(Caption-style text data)
* * *
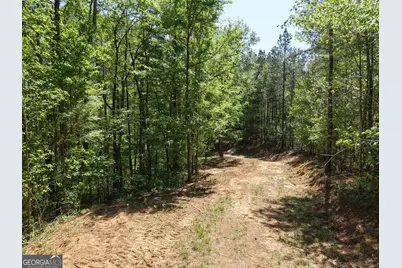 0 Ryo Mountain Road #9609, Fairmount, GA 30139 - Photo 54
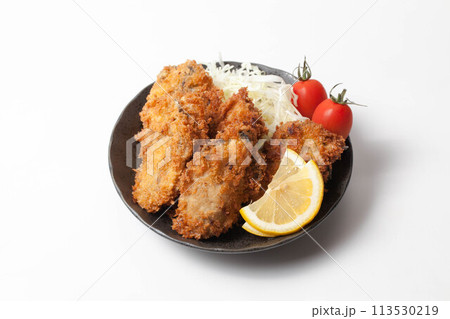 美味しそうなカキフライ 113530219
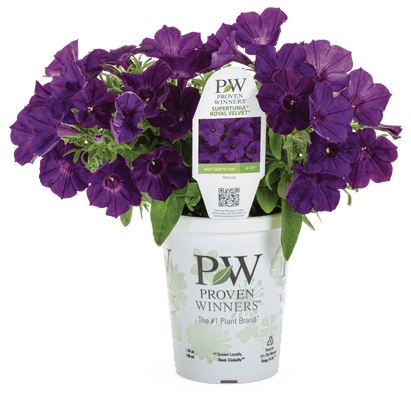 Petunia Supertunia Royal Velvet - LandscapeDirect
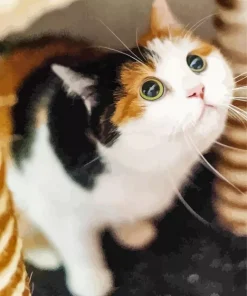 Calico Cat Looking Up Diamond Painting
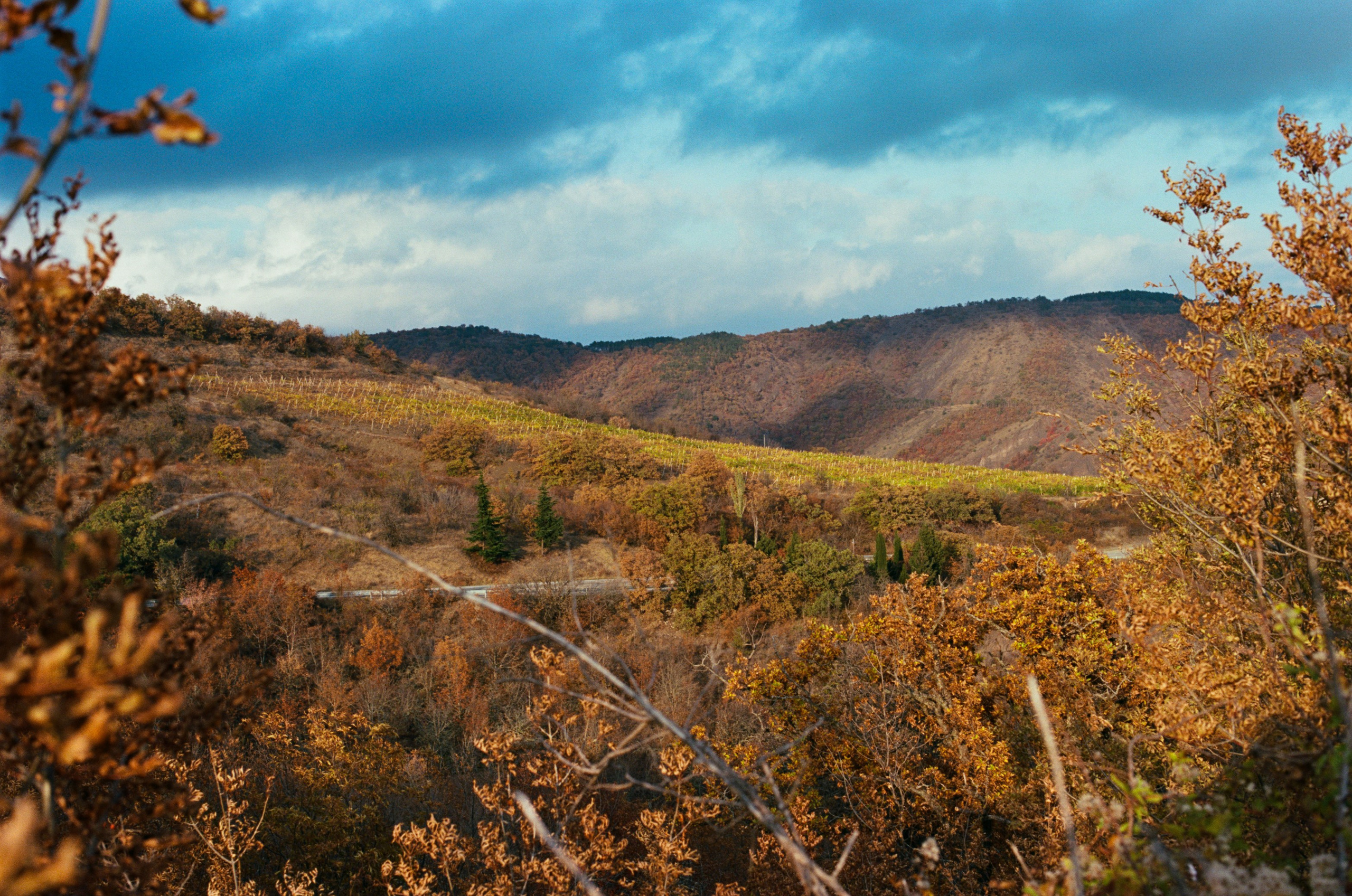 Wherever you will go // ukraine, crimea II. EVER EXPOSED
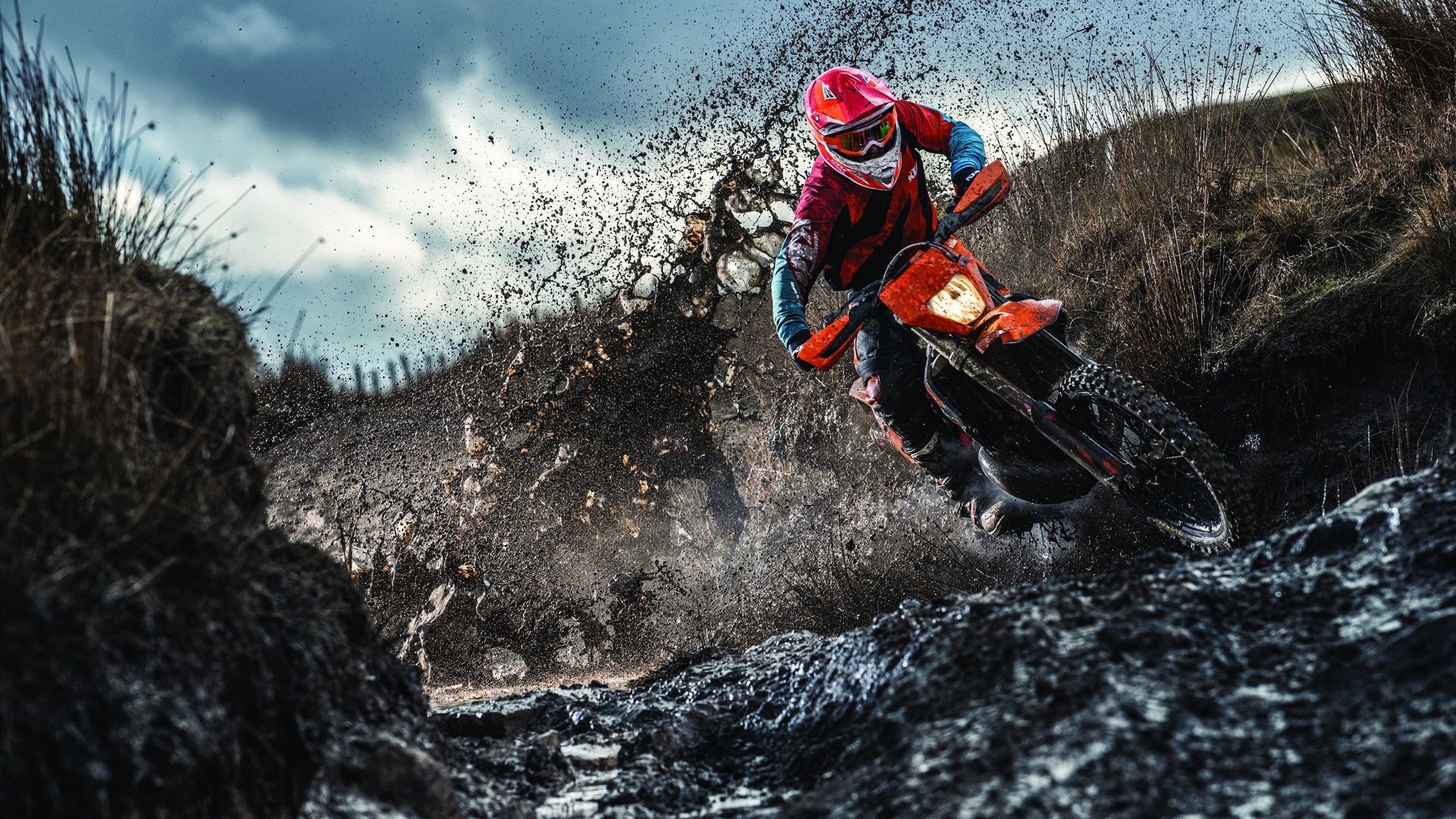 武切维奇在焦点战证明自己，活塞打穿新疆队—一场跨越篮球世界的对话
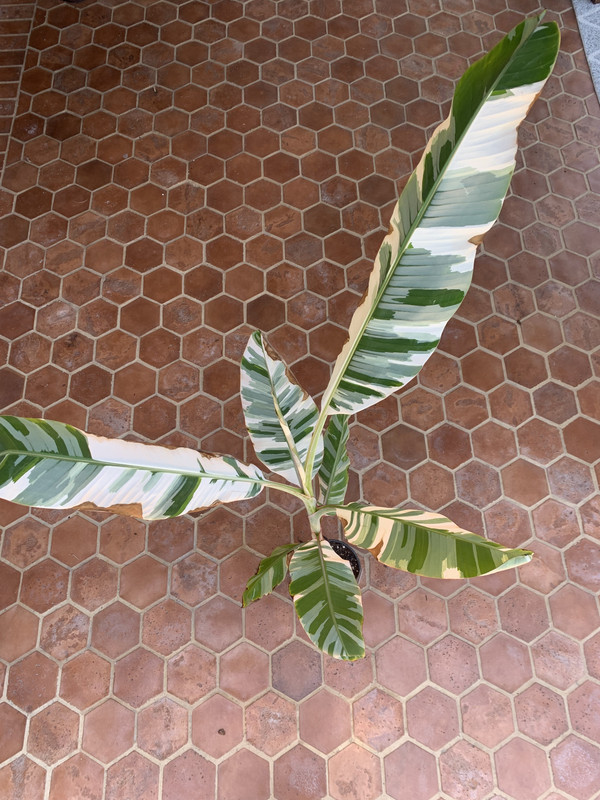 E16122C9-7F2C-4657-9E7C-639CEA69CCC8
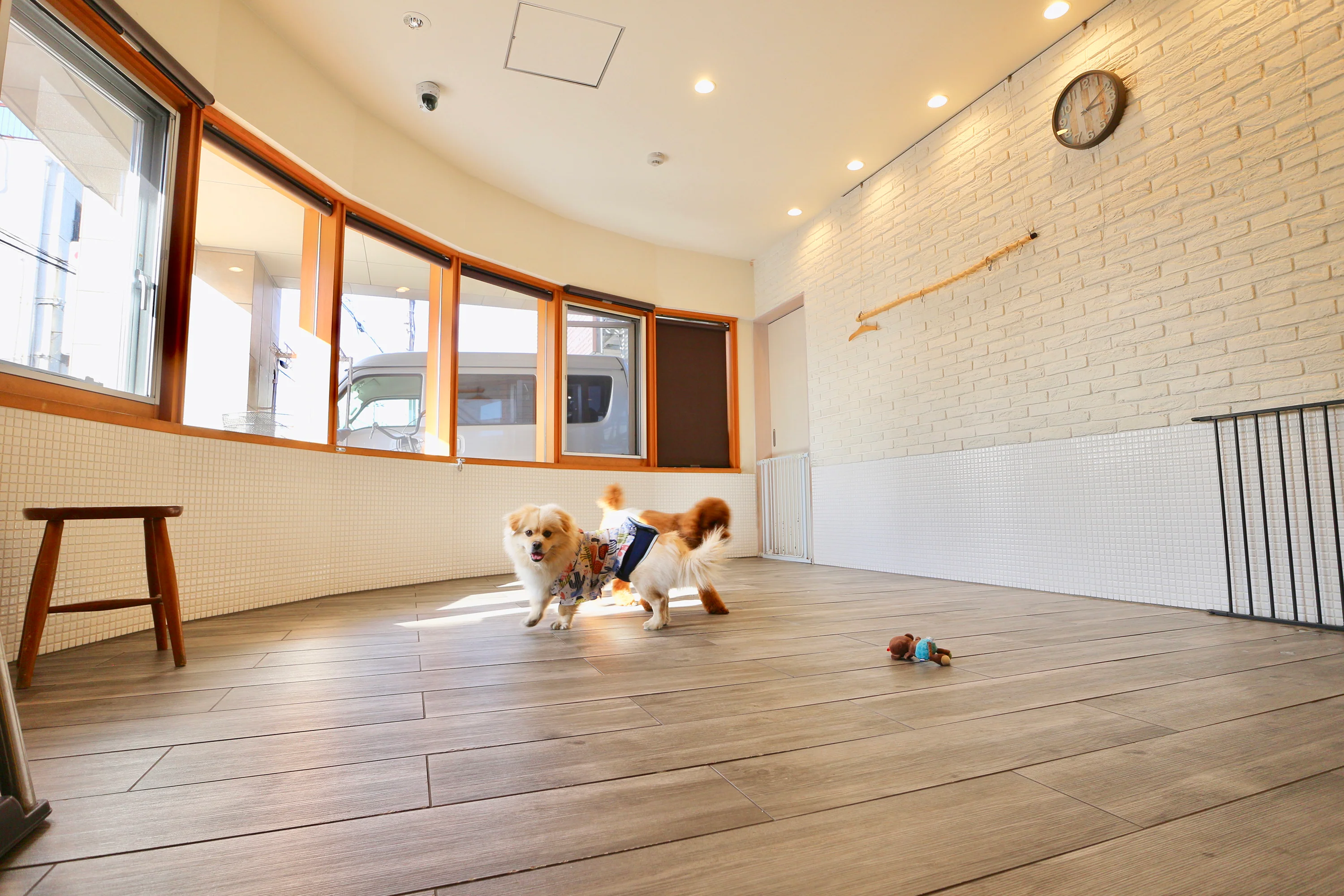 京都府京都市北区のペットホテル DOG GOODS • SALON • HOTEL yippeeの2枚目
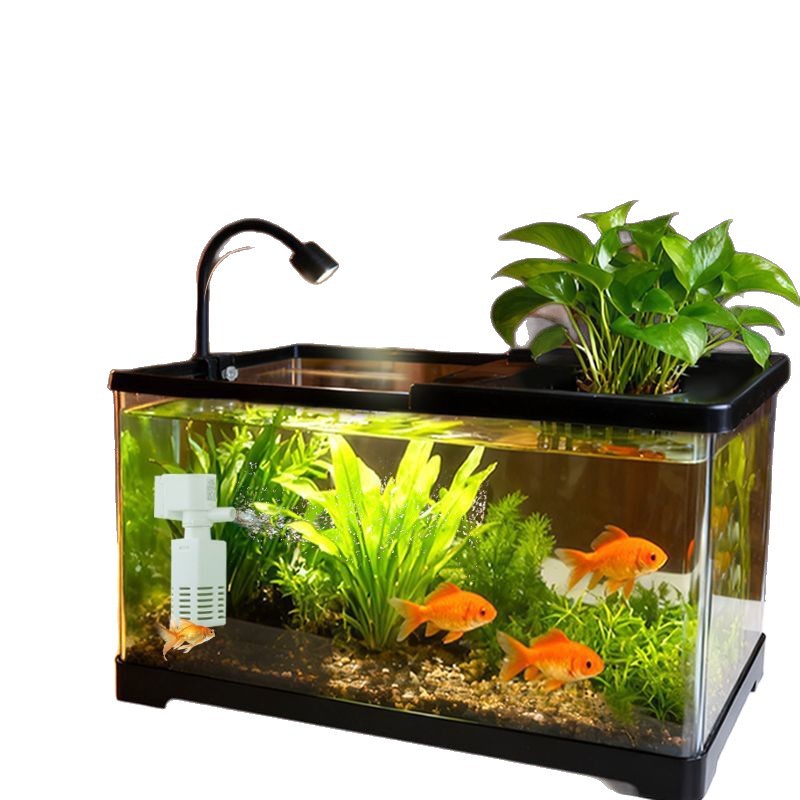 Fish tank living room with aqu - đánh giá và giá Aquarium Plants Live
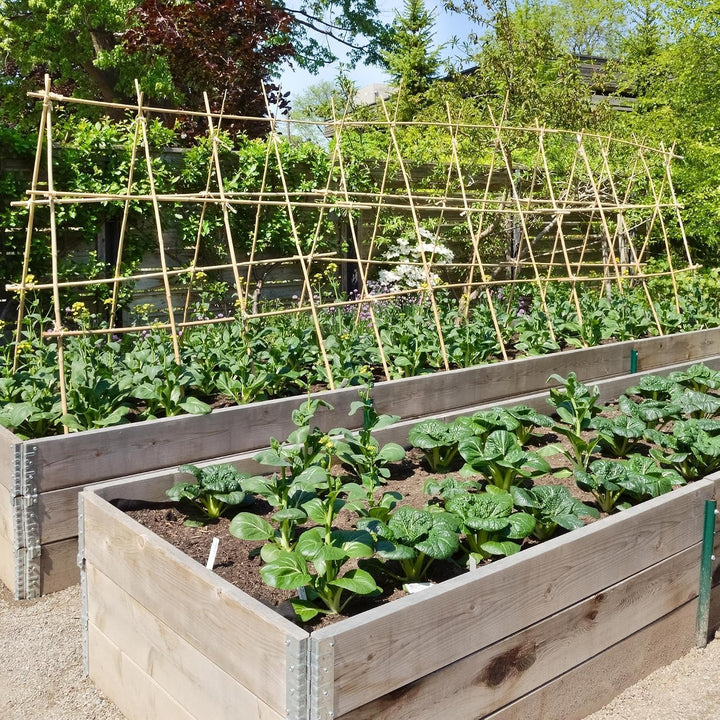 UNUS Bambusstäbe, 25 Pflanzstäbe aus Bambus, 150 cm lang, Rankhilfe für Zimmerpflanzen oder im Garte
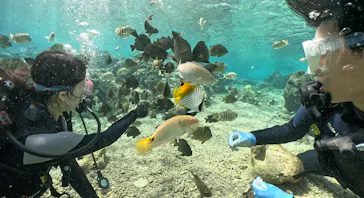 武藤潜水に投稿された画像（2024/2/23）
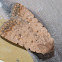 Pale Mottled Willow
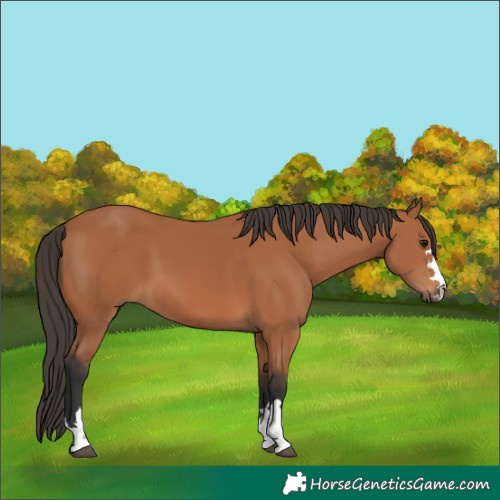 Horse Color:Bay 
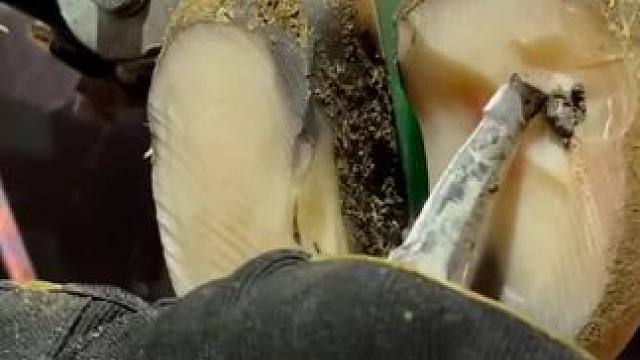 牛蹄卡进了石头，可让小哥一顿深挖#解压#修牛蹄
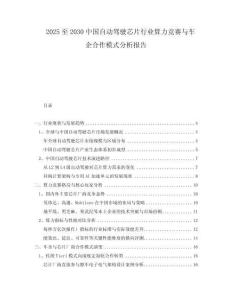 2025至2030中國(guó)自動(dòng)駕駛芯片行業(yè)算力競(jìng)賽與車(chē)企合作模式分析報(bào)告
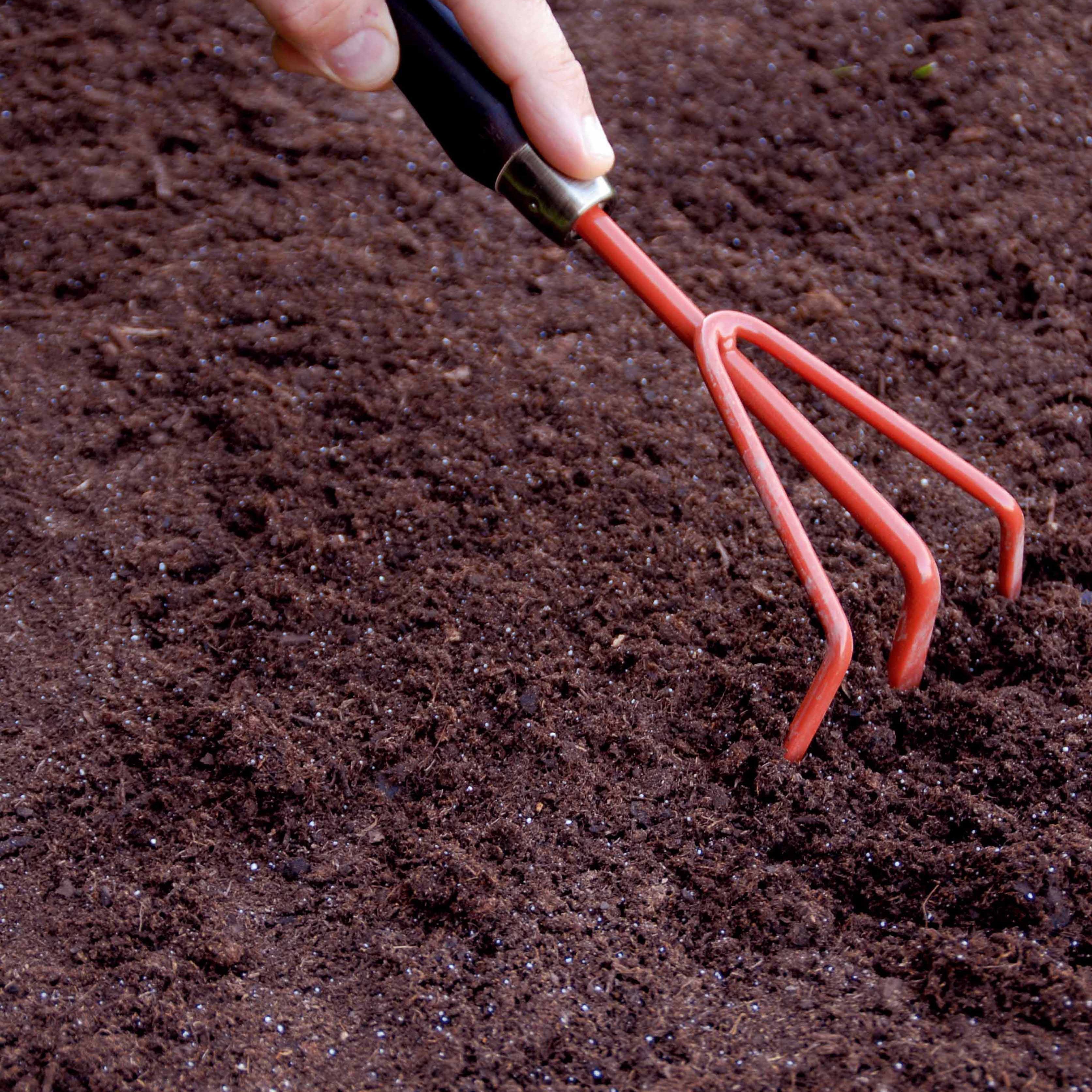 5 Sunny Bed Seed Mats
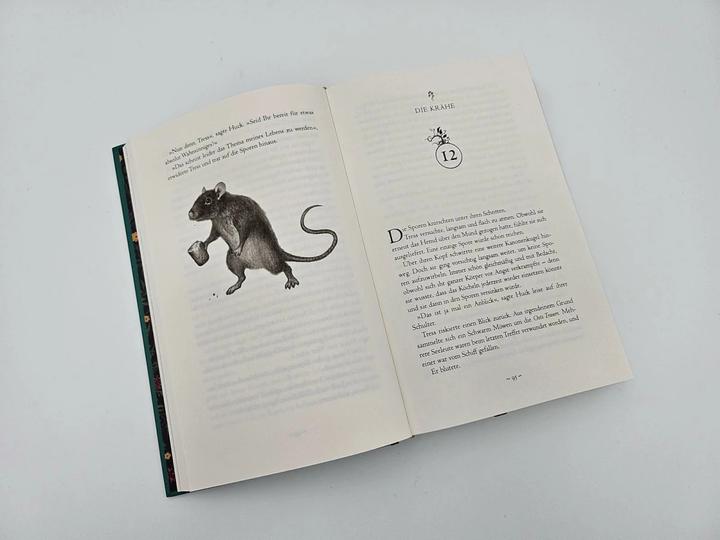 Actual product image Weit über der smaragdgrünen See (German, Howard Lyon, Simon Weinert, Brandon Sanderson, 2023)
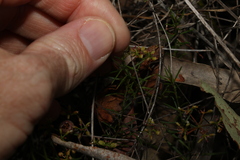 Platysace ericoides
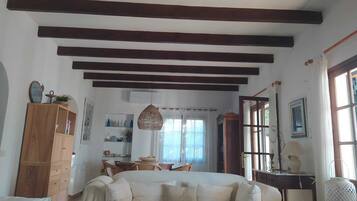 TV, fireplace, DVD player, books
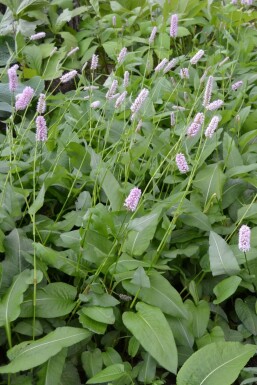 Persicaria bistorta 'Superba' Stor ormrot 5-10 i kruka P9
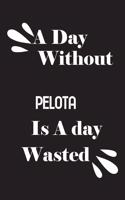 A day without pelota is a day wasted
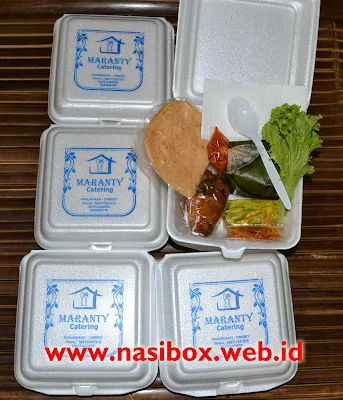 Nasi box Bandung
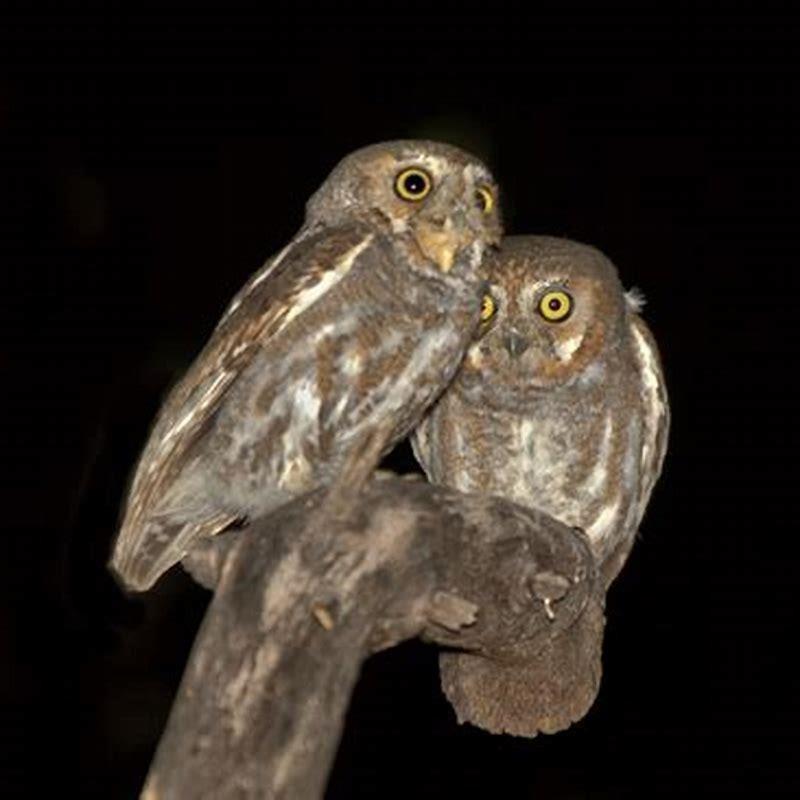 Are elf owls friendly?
* * *
» **Exercise description**: Pictures stay out of this copy. Retype exactly the lines from the one with "Horse Color:Bay" through the last line of the data, both ends included, and nothing more.

» **Task solution**:
 Horse Color:Bay 
 牛蹄卡进了石头，可让小哥一顿深挖#解压#修牛蹄
 2025至2030中國(guó)自動(dòng)駕駛芯片行業(yè)算力競(jìng)賽與車(chē)企合作模式分析報(bào)告
 5 Sunny Bed Seed Mats
 Actual product image Weit über der smaragdgrünen See (German, Howard Lyon, Simon Weinert, Brandon Sanderson, 2023)
 Platysace ericoides
 TV, fireplace, DVD player, books
 Persicaria bistorta 'Superba' Stor ormrot 5-10 i kruka P9
 A day without pelota is a day wasted
 Nasi box Bandung
 Are elf owls friendly?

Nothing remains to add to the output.